I'm also thoroughly disappointed by how few answers we've actually gotten here. The Lament should have given us the ultimate answer about the great secret that the Lament were told by the Shiplords that they were not only unable to solve in 100 years, but that they outright gave up entirely after only a hundred years and decided to go Uninvolved rather than remain as a counterbalance to the Shiplords to help speak reason to them if/when someone else came about that had a chance at solving the problem themselves. You'd think that the Lament would tell us at least this much, this absolutely critical thing that we need to at least show believable hope of solving to the Shiplords to achieve peace, instead of just another big question mark. Like, seriously, the Lament built their own Sorrow--they had one job, and they just decided not to do it?
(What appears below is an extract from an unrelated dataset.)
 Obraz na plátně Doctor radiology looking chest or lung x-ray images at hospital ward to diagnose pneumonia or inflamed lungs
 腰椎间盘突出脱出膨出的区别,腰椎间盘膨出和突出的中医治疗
So I wanted to wait until the Remember post for this, but what the hell. In simple terms.
The Shiplords told the Teel'sanha about the Consolat. They showed them their home system, let them access the Archive there, and basically begged them to find a solution other than the flawed path the Teel could see them starting down. The problem? They were essentially asking the Peoples to become the Consolat. And they couldn't do that. Not would not, not didn't want to: couldn't.
That's why they stopped after a century. Because they could recognise futility when they saw it, and knew that unless they could solve that the Shiplords would never listen to them. And to be very clear, in a full on war the Teel'sanha would have been crushed by the Shiplords. They'd have hurt them, but they were only a mature galactic civilisation. The Shiplords were and remain a fully developed elder civilisation.
What the Lament left you was the coordinates to the Archives, in the hope that you'd be able to understand what they couldn't. And this wasn't an answer they could really write down, because they didn't know how to become the answer the Shiplords needed.
By the by, wasn't there one race among the Second Contacts who strongly suspected that the Shiplords were using their implants to make that race go Uninvolved via turning people into finger puppets for them. Would that not screw up the resulting Uninvolved? It's supposed to be a choice taken up by enough of that race, but if a big chunk can't make a choice...
It also reeks of Hvjin crap.
There are many more ways to influence a species than by mass brain hack. The Nileans suspect that the Sarthee Uninvolved movement has been supported by the Shiplords, yes. That doesn't mean that the Shiplords are mind-hacking en masse, assuming they
are doing what the Nilean's suspect.